The European Union officials have targeted Microsoft again, this time not over its operating system [of which that dispute is not necessarily even done with] but over its IE browser. The charge is that by pre-installing the IE browser onto Windows, Microsoft is using its operating system to give its browser an unfair competitive advantage over other browsers. This argument is akin to charging that Apple is unfair to make the iPhone only compatible with iTunes.
What Europeans regulators do not understand is the creative openness of the free market. That in a globalized world of Facebook-using, tech savvy young people, the market acts as a check on anything “unfair” Microsoft may be doing. But the nanny-state that is the European Union treats consumers as if they were helpless children in need of arrogant, unaccountable officials in Brussels to guide them. What unnerving nonsense! If Microsoft were to prohibit other browsers from working on Windows, that would be unfair for it would kill the competition. But it is not. All it is doing is offering its browser pre-installed, which if anything is helpful because many older people would otherwise have trouble installing a browser on their own.

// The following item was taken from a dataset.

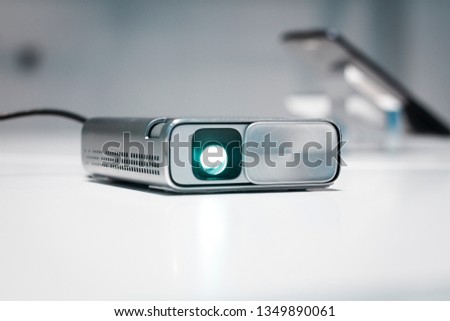 Security and CCTV mini device for any kind of surveillance. Small silver body, high resolution camera sensor, and lens. Futuristic design, spy game. Privacy and personal data issues, pocket projector. Royalty-Free Stock Photo #1349890061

It is hard to argue that Microsoft has an unfair advantage when it has been losing market share to new browsers such as Apple’s Safari, Google’s Chrome and Firefox [which I am using now].

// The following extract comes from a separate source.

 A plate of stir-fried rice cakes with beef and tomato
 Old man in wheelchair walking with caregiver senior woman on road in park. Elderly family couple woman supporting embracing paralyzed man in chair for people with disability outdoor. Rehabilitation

Microsoft, fearful of paying billions more to European Union regulators whom seem to be concerned more with filling the coffers of the EU by going after an American giant [to pay for farm subsidizes; a study found that Microsoft fines were once used to do just that] than any notion of fair regulation, has caved in. It has told the EU that it will sell Windows without the pre-installed IE browser. You’d think this would solve the matter since that’s what the entire dispute has been about.
Alas, there is no pleasing the EU since the commission has rejected the offer in its grotesque determination to see more money coerced from Microsoft.